● Your goal: Each line from the one with "Three white cubes" through the last line of the material is to be printed exactly; no other line and no picture belongs in the copy.

● Recorded data:
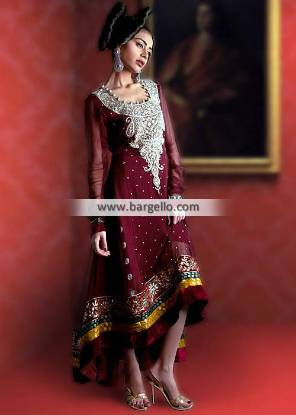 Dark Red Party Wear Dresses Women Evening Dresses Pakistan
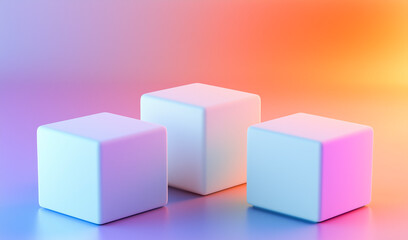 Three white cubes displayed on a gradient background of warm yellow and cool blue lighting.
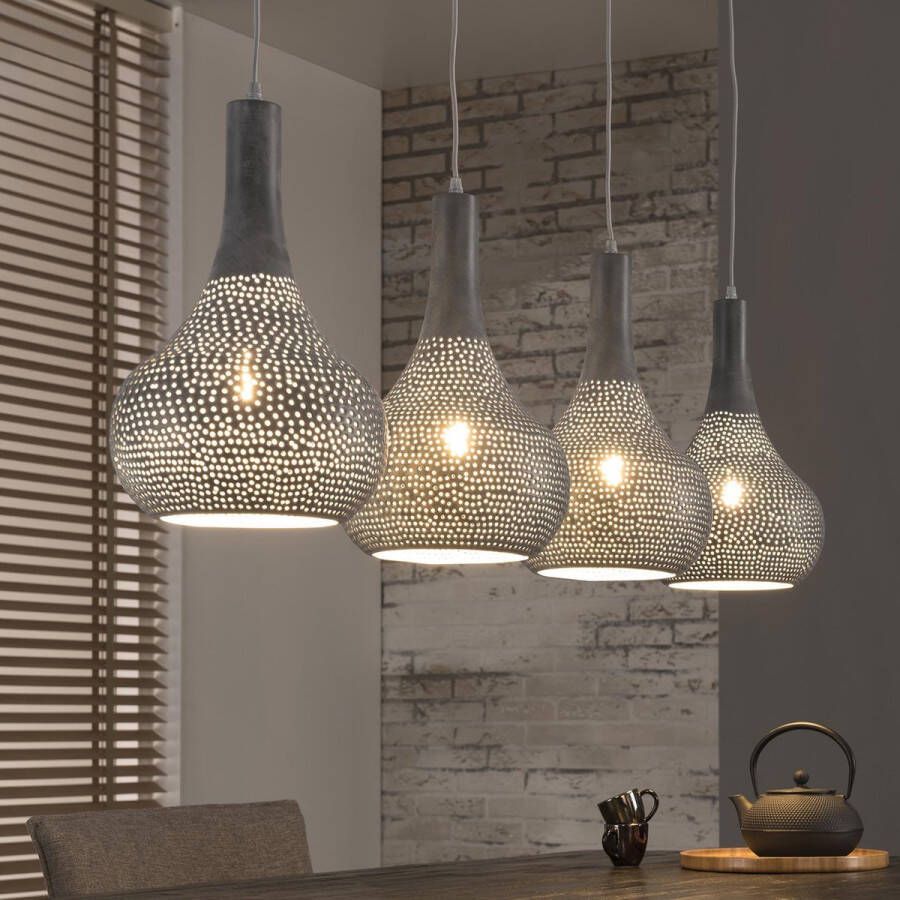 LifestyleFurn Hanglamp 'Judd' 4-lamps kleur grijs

● Answer to the problem:
 Three white cubes displayed on a gradient background of warm yellow and cool blue lighting.
 LifestyleFurn Hanglamp 'Judd' 4-lamps kleur grijs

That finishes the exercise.